Wild Garlic
Wild garlic
With wild garlic (Allium ursinum) starting to pop out with the warmer winter weather , this is a display of the various things I have done with Wild Garlic to preserve and keep it throughout the year, clockwise from butter:

1. Butter - classic and easy, keeps well but also freezes like a charm. Add until you have a nice green colour but it’s still easily spreadable. Always add at the end of cooking to keep flavour (WG will change/lose flavour quickly when cooked).
2. Pesto - super adaptable, easy, best used asap but freezes well. Also add this at the very end of cooking.
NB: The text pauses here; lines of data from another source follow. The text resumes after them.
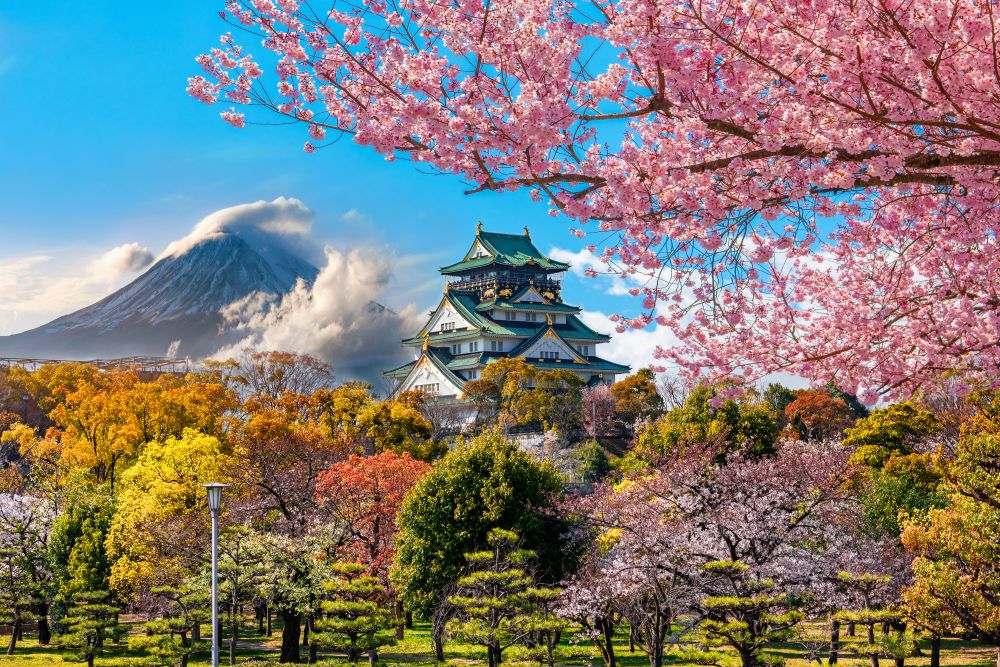 Japan’s Safety Index Score
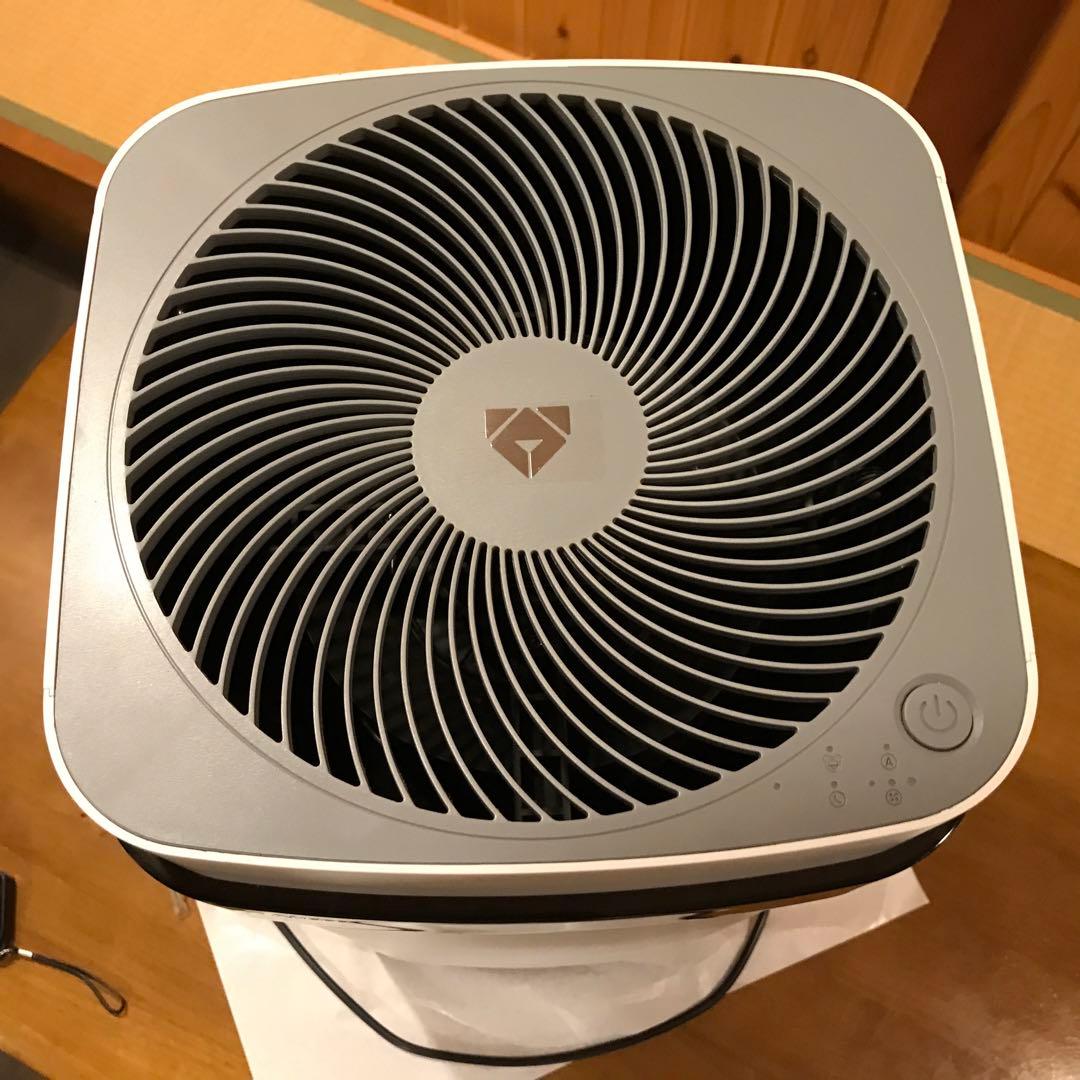 Airdog 空気清浄機 x5s 2021年製　美品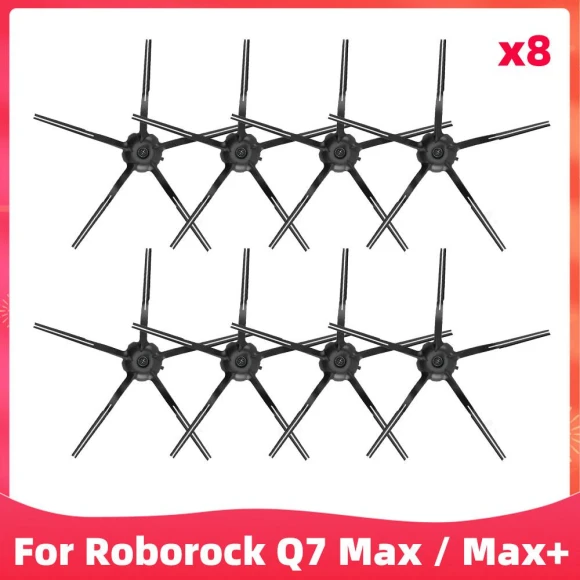 Replacement Parts Kit for Robot Vacuum — Parts & Accessories, Lntelligent Living Hall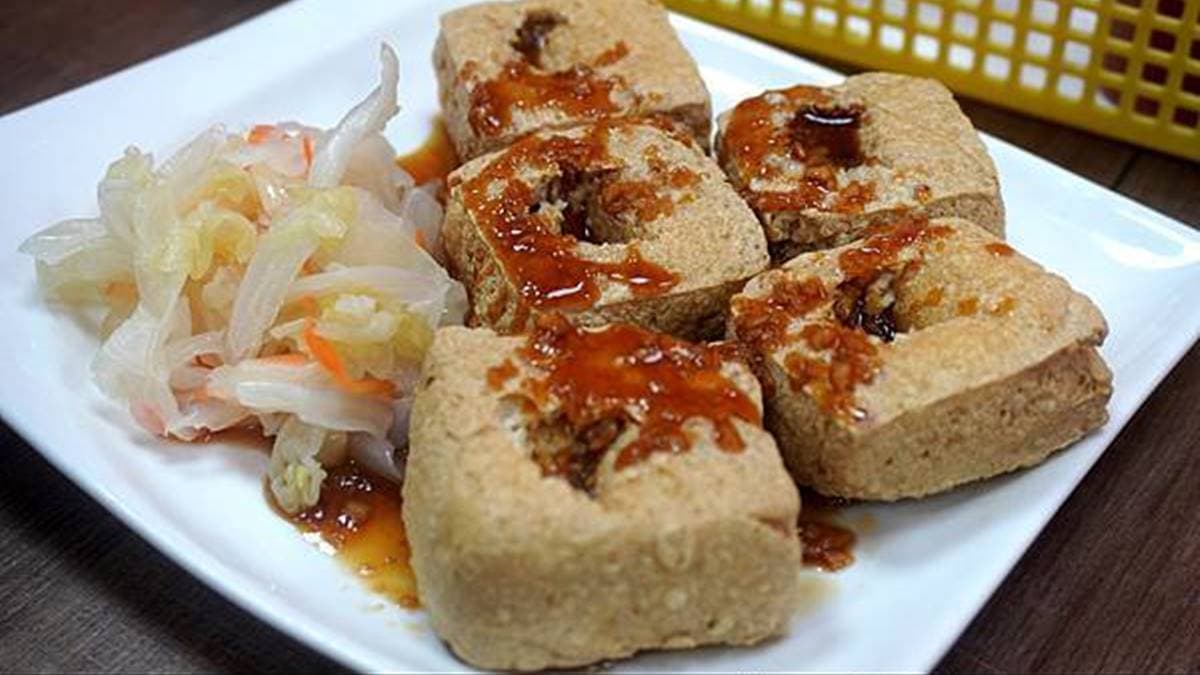 麵線控快筆記!6家基隆人口袋名單:大塊旗魚肉、柴魚金勾蝦湯頭、魚漿包大腸 麵線控快筆記!6家基隆人口袋名單:大塊旗魚肉、柴魚金勾蝦湯頭、魚漿包大腸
3. Pickled flower buds - quick and simple, I use this like I would capers or where pickles would add flavour. I use a simple sugar/vinegar/water recipe with dill and a bit of salt and pepper, adding in buds when liquid is cooled, in a sterilized jar (any pickling recipe works).
4. Pickled leaves - as above, I use them chopped anywhere I would mix pickles into. Lactofermenting is a great option too for either pickle types (no vinegar flavour, more developed flavour of the garlic).
5. Salt - blended in and gently dried to keep the colour.
6. Lacto-fermented dissolved salt - using the liquid left from a longer ferment, dissolved the salt in, and dried. Disclaimer: I have not touched this since I made it because the smell from drying in the sun for a month still haunts me it’s also slightly sticky. I would not bother again. Using the leaves and just blending as below is 100x better and less effort.
7. Lacto-fermented salt - simple lactoferment with 2% salt to weight for 1.5-2w, before adding more salt, drying, and blending. Umami notes like seaweed. I use this as seasoning for almost everything.
8. Lacto-fermented dried - as above but just dried and powdered. Also use this as regular seasoning in almost everything.
9. Frozen - just freezing the leaves whole or chopped will preserve them for ages. Like other herbs, it’ll be soggy on defrosting, but it’s great to use in cooking at the end.